10 Best Things to Happen to Food in 2012
It’s almost the end of the year and time to review this year’s food news.
It’s been a big year for nutritional education, awareness, and action!
Here is my Top 10 Nutritional News List for 2012:
1. Globally, there are more restrictions on USA GMO crops.
Other countries are way ahead of the United States in keeping their population healthy and safe from untested, potentially toxic food.
Europe and many countries have banned or restricted the import or distribution of GMO crops from the United States. The ban includes the sale, field trials, and planting of GMO crops. In the United States, predominantly GMO crops are soy, cotton, canola, corn, and papaya.
2. More people are talking about GMO foods.
California was not able to get legislation through that would require labeling of GMO ingredients, but public awareness has been raised about GMO foods and how health is affected. The public will continue to demand a choice of whether to be exposed to pesticides, herbicides through untested genetically engineered foods or not.
3. School lunches got healthier.
Calorie limits by age group are being implemented in schools. This year saw the first round of changes. Entrées such as pizza are still served, but they are served with salads and fruit. Students may get extra helpings of fruits and vegetables. Students have protested but children will adjust to having all of the fruit and vegetables that they want.
4. The sustainable food movement is growing.
Sustainability implies that there is minimal harm done to the environment, animals and workers are treated humanely, and non-renewable sources are used at a minimum in all aspects of a farming or agricultural endeavor.
The sustainable food movement is growing and spreading, and many restaurants are now growing their own produce or buying produce and animal products from local sustainable farmers.
5. Eat Local movements have gained significant momentum.
The public is becoming educated about the distance their food travels and the carbon footprint of eating cheap produce from thousands of miles away.
Limiting consumption to agricultural products grown or raised within 100 miles of your location has become popular. Even restaurants are featuring local farms on their menus to advertise the local farmers they support and to provide advertisement to local farms!
6. The USA became a friendlier place for gluten-free folks.
It used to be impossible to eat at a restaurant if you had gluten intolerance or insensitivity, but today there are gluten-free options in many groceries and restaurants. Other special diets are also considered, and you can easily find options for dairy-free, soy-free, nut-free, and other dietary restrictions!
7. There was growth in organic, free-range, grass-fed, and other common sense farming methods.
The public is experiencing an awakening and is demanding and buying ingredients and foods that are grown or raised in pure, traditional, natural ways. Effects from years of exposure to antibiotics and hormones have generated a huge demand for more pure animal products. Many people are growing their own produce in home gardens and enjoying fresh, non-GMO, organic alternatives
8. NYC said NO to large sugary drinks.
New York City banned sugary drinks over 16-ounces in size. Sugar is a toxic ingredient that has been shown to promote bacteria, disease, and chronic health conditions. Marketing of these drinks has resulted in millions of people consuming these addictive, intensely sweetened products without understanding how much sugar they are consuming.
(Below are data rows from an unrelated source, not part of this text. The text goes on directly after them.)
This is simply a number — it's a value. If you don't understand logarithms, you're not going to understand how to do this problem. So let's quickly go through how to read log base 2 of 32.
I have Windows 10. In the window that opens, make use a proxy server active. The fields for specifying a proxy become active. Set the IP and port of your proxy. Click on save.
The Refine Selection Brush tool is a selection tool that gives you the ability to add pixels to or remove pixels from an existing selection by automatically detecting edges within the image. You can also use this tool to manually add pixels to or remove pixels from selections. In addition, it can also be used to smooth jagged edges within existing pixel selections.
Whether the ban spreads or not, the public simply has to take responsibility for their own health and reduce the obesity and diabetes epidemics by limiting sugar intake.
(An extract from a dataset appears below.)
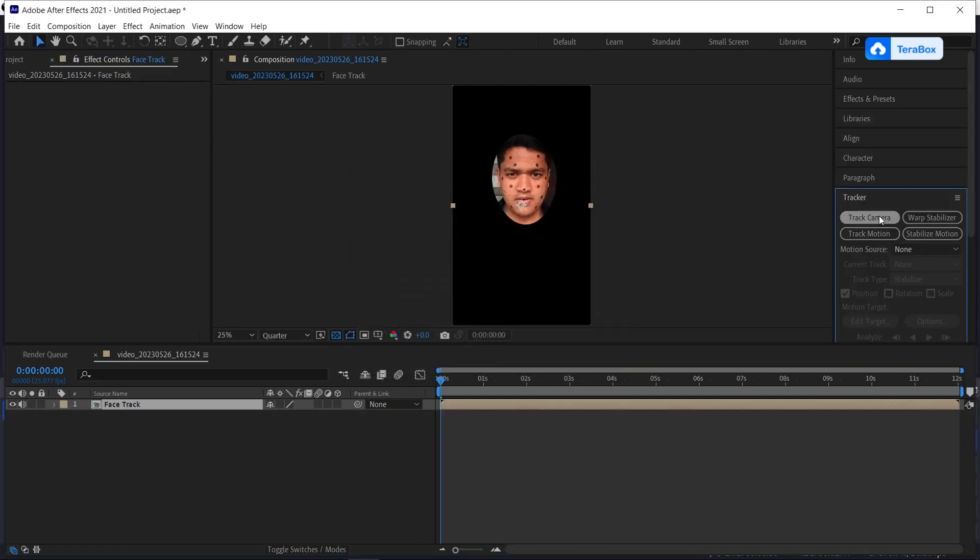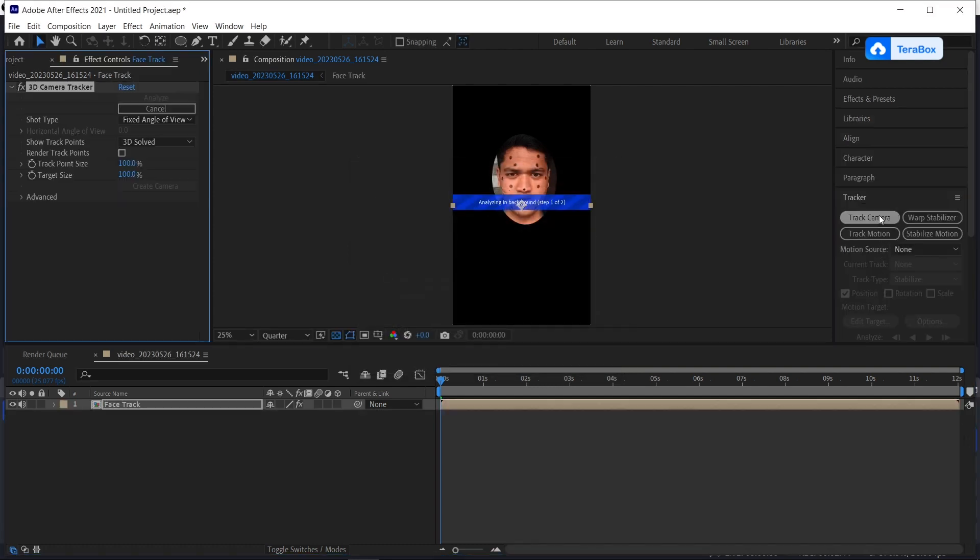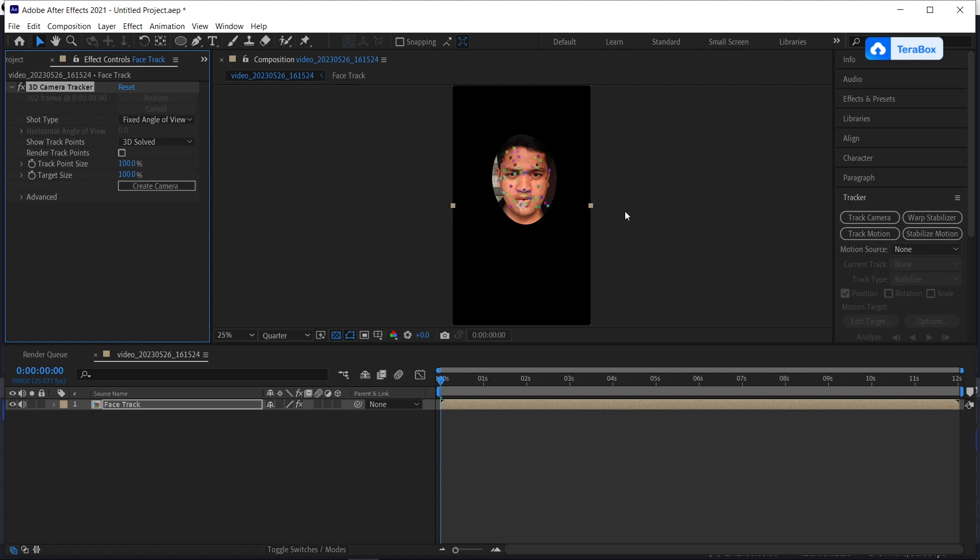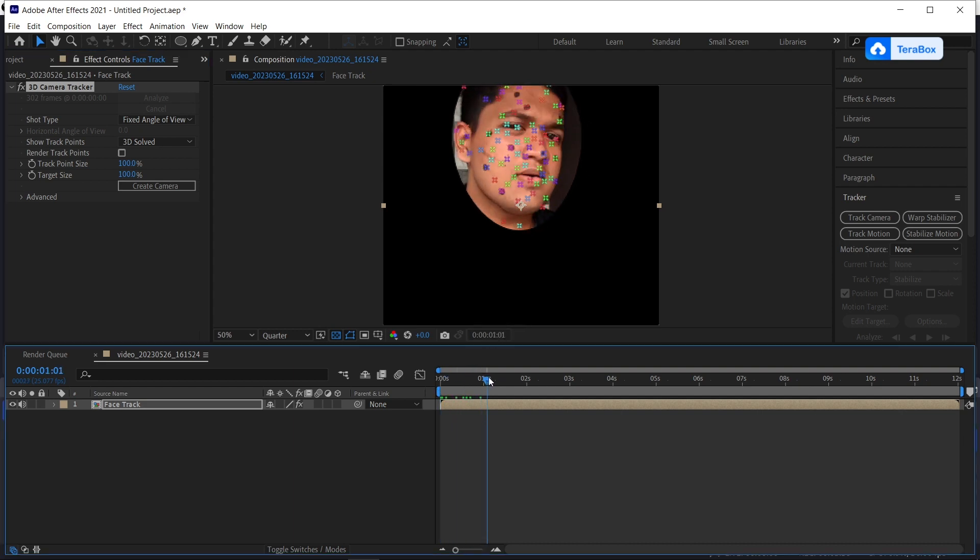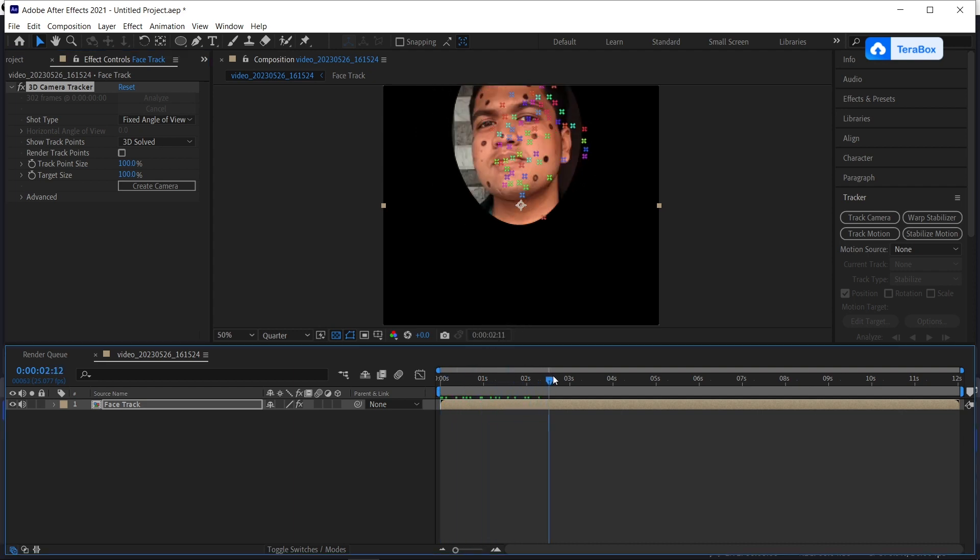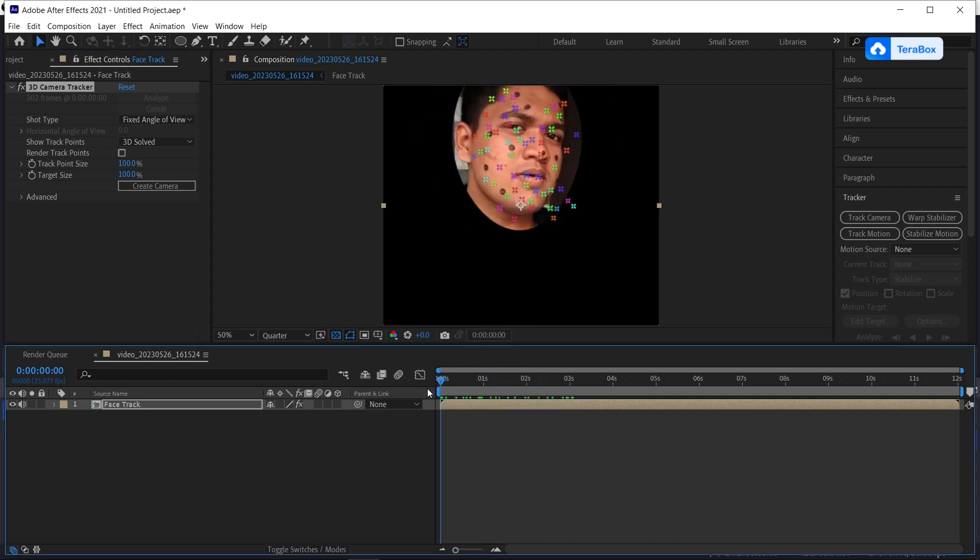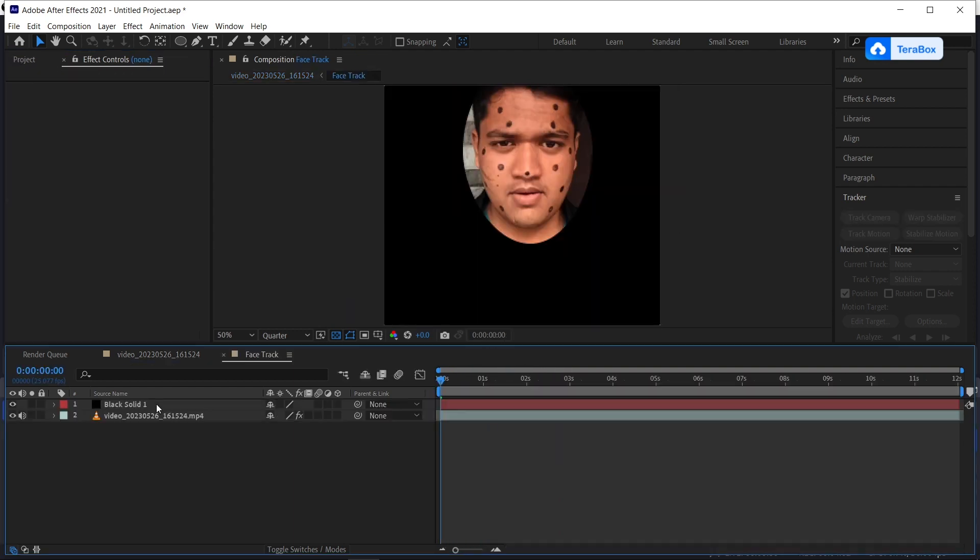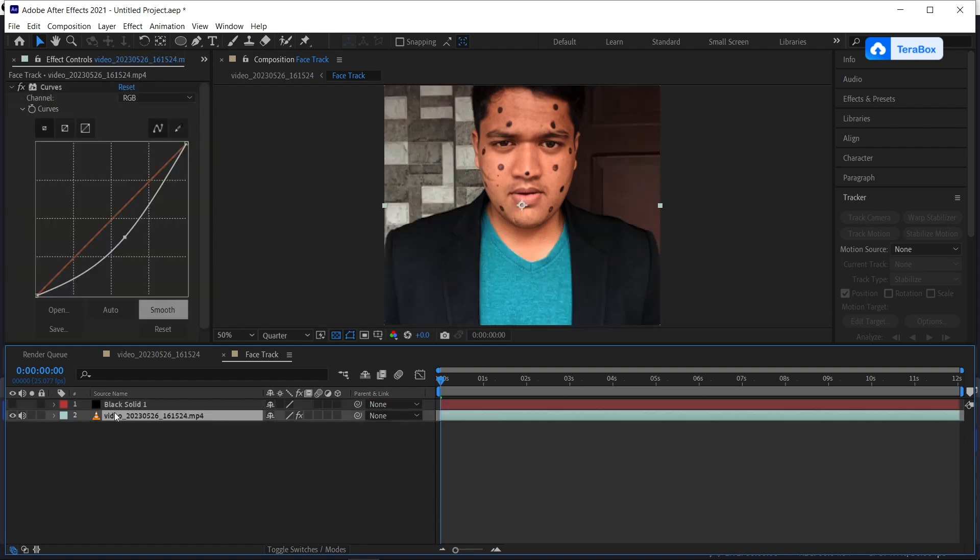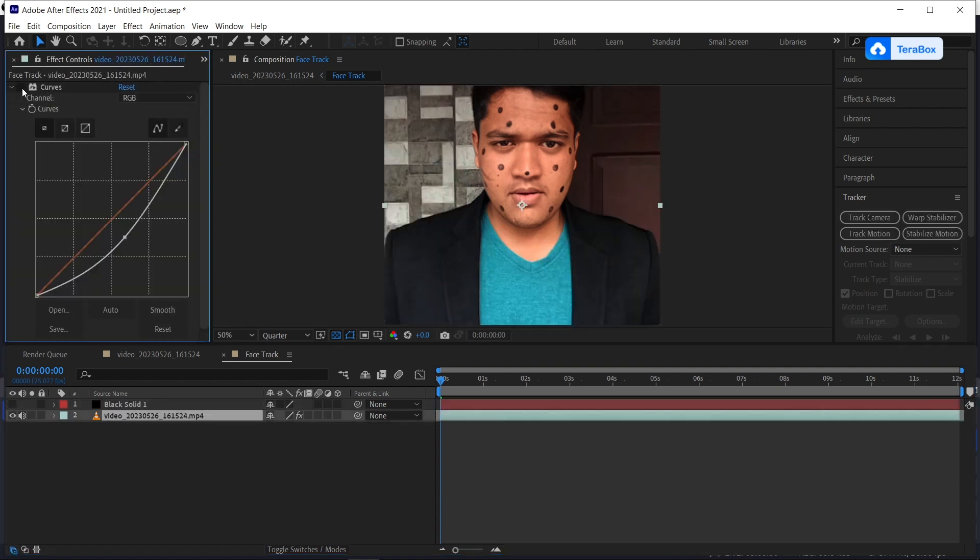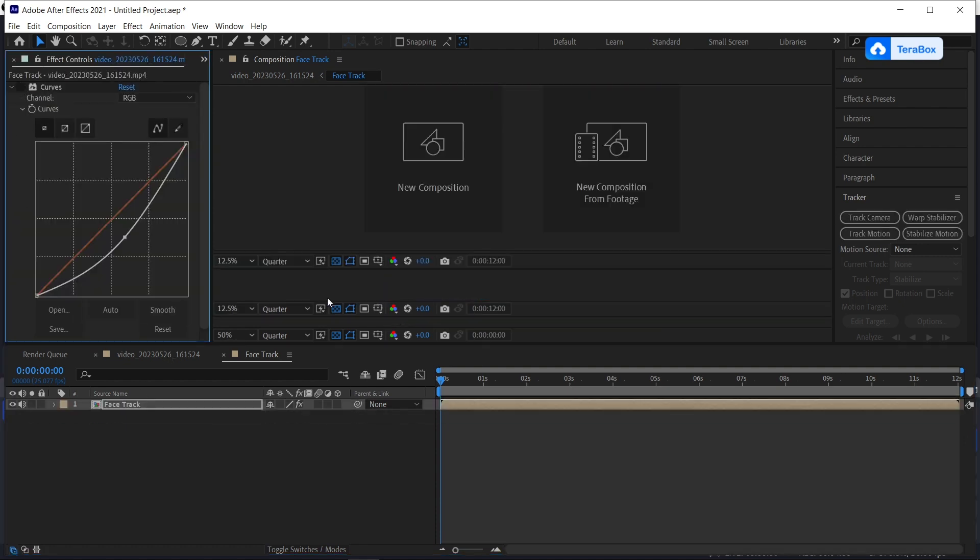After that, click track camera. After your video has been tracked successfully, you will get some tracking points on your face. After that, open our precompose layer and hide the mask and also hide the curves.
Kombucha is becoming a hugely popular alternative drink that is raising awareness on healthy benefits of fermented foods. Kombucha provides acids and good bacteria for the body that encourages a healthy gut. Maybe people will consider replacing their sugary drinks with kombucha!
10. Alzheimer’s research is connecting the disease to diet.
New research on Alzheimer’s disease is indicating that fats, cholesterol, and even insulin may affect Alzheimer’s greatly. Researchers are finding that protein, plaques, Vitamin D, coconut oil, and enzymes are all affecting the disease’s progression. Let’s hope that soon we will know that by eating properly Alzheimer’s will be a disease of the past!